**WORK TO COMPLETE:**
In the listing below, find the line containing "Insteekstelling ORDO Industry" and the line containing "Velvet 3 Seater". Repeat exactly those two lines and every line between them.

---------- EXTRACTED RECORDS

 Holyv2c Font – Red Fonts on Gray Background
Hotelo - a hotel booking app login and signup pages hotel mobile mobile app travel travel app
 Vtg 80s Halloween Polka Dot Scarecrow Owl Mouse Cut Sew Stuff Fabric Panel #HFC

--------------------
---------- EXTRACTED RECORDS

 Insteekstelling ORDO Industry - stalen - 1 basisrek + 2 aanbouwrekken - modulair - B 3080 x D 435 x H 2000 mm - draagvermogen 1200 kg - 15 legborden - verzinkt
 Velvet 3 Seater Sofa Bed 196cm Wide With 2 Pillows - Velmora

--------------------

**TASK RESPONSE:**
 Insteekstelling ORDO Industry - stalen - 1 basisrek + 2 aanbouwrekken - modulair - B 3080 x D 435 x H 2000 mm - draagvermogen 1200 kg - 15 legborden - verzinkt
 Velvet 3 Seater Sofa Bed 196cm Wide With 2 Pillows - Velmora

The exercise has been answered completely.